The New Look Apprenticeships

The New Look Apprenticeships

Apprenticeships have been around for a very long time indeed. The roots can be followed back in time to the Middle Ages, where children of upper class families were sent for training into one of the medieval craft guilds.

The apprentice and master were contracted together by indenture for a period of time during which the master was responsible for the apprentice’s employ and moral welfare, which was guide-lined by the Statute of Artificers in 1563, which suggested a minimum level of accomplishment and set the duration for apprenticeship at seven years.

The system worked satisfactorily until the socio-economic changes of the industrial revolution made many trades redundant.

The professions continued to attract apprenticeships, and new industries produced new opportunities in engineering, plumbing, or electronics, and by the mid twentieth century, up to a third of all boys leaving school went on to apprenticeships.

From the mid-‘70’s to the mid-‘90’s apprenticeships fell out of favour, gaining a low-status reputation, but reform in 1993 under the “Modern Apprenticeship” scheme, revalued it, making apprentices employees, and thus enjoying employee’s rights, such as being paid wages.

The other big difference became that the apprenticeship was to be gauged not on the duration of service, but that the apprentice would work toward a qualification, equivalent to GCSE’s or A levels and by the early 2000’s national frameworks were instituted to standardise the minimum requirements of each apprenticeship.

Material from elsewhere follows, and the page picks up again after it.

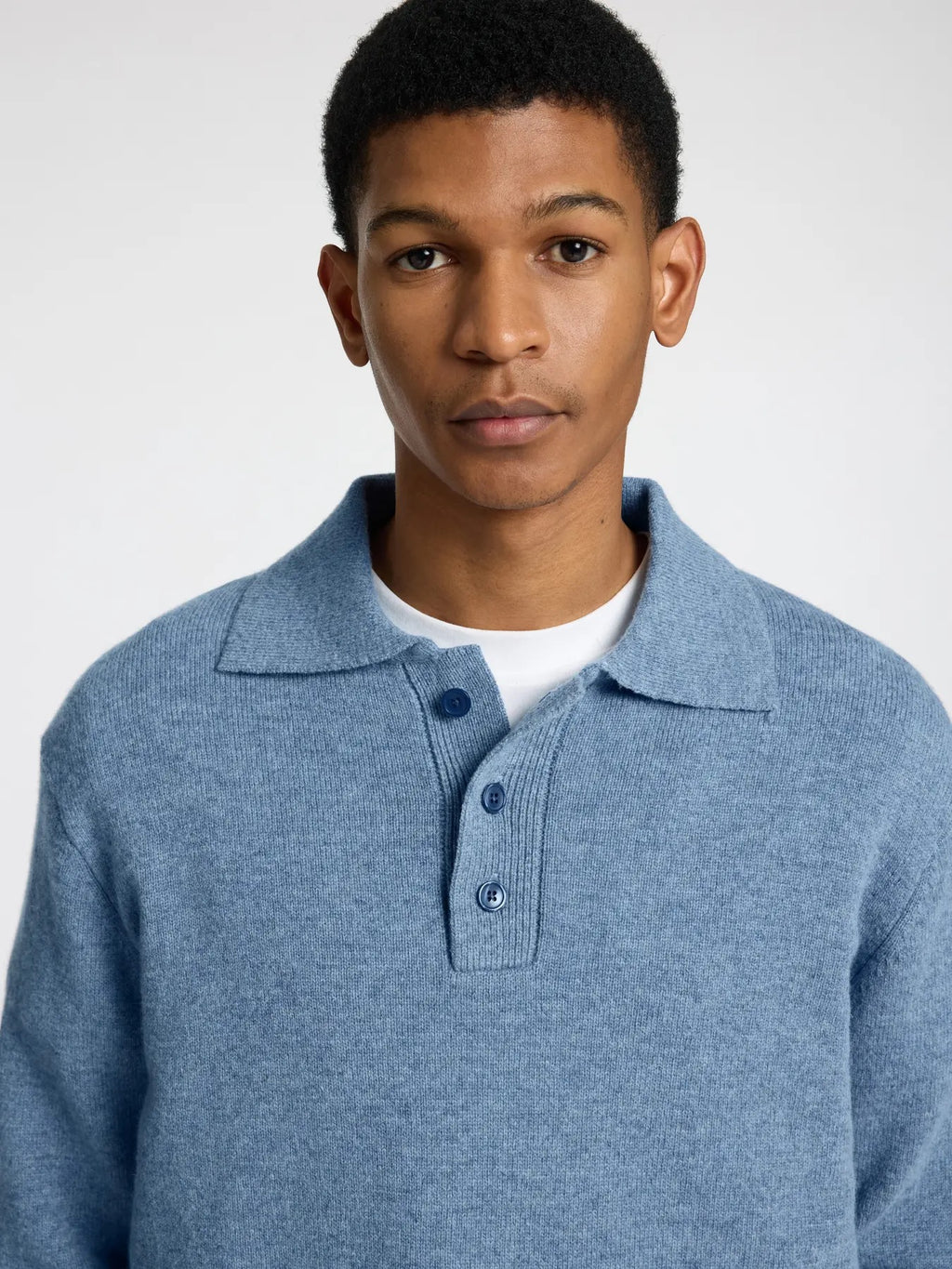 SLHREUBEN LS KNIT RELAXED POLO - OCEANA MELANGE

The Government’s enthusiasm for the apprenticeship scheme is evident in its agenda for its “2020 Vision” for training.

Shortly to come into effect is the new apprenticeship levy, a key pillar in helping to fund a record three million apprenticeship places, up from a current figure of under one million.

This is a tax for all firms with an annual payroll of £3million or more, of 0.5 per cent of that figure which goes into a central pool, to assist employers that take on apprentices.

The Government is surrounding its new emphasis with its “Get In, Go Far” (GIGF) publicity drive, to show that there can be alternate routes to success other than university.

The drive includes a campaign directed at pupils and teachers, parents and employers, through social media, the TV and more, in an attempt to alter the mind-set that working is a lowly alternative to studying.

The fundamental message is that apprenticeships can take you onward and upward, in the real world of learning and earning as you go.